Заметим, однако, что из идей вытекает отнюдь не только укоризна, идеи в мире Достоевского оказываются разрушительной, гибельной силой, и Степан Трофимович очень точно улавливает несовместимость реального дела с одержимостью нигилистической идеей: «Вы хотите строить наш мост и стоите за принцип всеобщего разрушения, – говорит он инженеру Кириллову. – Не дадут вам строить наш мост!». Главное же достоинство либерализма, который в данном случае олицетворяет Верховенский-старший, состоит в том, что либерализм, в отличие от других идеологий, пытается совместить разноречия в рамках сосуществования.
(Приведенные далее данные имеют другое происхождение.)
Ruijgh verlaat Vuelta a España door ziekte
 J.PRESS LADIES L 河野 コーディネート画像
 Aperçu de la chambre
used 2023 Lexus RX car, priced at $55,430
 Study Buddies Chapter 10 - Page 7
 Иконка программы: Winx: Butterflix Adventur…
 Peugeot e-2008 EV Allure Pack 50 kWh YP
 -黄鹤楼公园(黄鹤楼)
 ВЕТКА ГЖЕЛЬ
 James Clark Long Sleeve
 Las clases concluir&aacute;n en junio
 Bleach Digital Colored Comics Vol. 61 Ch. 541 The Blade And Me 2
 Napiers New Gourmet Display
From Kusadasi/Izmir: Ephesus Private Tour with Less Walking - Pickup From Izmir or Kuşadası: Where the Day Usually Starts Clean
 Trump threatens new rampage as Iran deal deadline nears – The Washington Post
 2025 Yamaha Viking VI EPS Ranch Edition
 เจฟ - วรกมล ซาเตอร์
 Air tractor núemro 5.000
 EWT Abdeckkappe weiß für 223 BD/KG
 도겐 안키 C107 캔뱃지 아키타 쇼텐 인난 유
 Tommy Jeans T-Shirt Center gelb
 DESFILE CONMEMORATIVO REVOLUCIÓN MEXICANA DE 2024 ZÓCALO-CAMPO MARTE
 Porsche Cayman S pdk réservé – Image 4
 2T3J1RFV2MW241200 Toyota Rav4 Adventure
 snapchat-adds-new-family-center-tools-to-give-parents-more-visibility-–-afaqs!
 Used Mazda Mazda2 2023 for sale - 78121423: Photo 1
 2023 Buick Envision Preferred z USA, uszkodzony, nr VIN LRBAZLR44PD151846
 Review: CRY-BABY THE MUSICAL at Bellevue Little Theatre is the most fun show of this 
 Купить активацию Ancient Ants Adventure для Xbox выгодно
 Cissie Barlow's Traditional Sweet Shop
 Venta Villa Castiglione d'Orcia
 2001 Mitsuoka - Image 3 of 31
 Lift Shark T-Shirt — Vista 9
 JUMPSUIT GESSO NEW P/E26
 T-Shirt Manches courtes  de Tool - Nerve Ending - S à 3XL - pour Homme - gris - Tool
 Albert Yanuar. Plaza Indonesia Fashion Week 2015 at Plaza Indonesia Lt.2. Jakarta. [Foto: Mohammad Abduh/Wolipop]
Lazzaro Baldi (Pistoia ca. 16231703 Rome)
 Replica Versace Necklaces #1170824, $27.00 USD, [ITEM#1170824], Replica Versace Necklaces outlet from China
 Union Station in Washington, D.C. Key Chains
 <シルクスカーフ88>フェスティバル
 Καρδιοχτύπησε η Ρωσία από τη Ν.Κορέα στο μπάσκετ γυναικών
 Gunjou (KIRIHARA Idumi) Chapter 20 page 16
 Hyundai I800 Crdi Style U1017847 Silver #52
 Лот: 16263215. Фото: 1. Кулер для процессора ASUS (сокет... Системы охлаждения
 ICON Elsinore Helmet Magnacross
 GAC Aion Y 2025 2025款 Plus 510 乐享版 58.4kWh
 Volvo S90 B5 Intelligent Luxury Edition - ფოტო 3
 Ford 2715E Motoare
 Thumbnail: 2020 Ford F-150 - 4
Ибо он – вменяем.

Именно свободный дух, воспитанный на любви к Шекспиру и Рафаэлю – к красоте, равно открытой всем, ни к кому не враждебной, ни перед кем не ставящей догматических препон, – «Шекспир, как природа, доступен всем» [ТС, 15, с. 51], говорил Тургенев, – позволяет Степану Трофимовичу проникнуться смыслом евангельской притчи об исцелении бесноватого и спроецировать ее на современную ему Россию, а «художественная восприимчивость его натуры» помогает ему, нисколько не «вразрез былым убеждениям», как в очередной раз самонадеянно заблуждается Хроникер, а, напротив, ничуть не изменяя себе, прочувствовать и принять идею евангельской любви: «Мое бессмертие уже потому необходимо, что бог не захочет сделать неправды и погасить совсем огонь раз возгоревшейся к нему любви в моем сердце. И что дороже любви? Любовь выше бытия, любовь венец бытия, и как же возможно, чтобы бытие было ей неподклонно? Если я полюбил его и обрадовался любви моей – возможно ли, чтобы он погасил меня и радость мою и обратил нас в нуль? Если есть бог, то и я бессмертен!»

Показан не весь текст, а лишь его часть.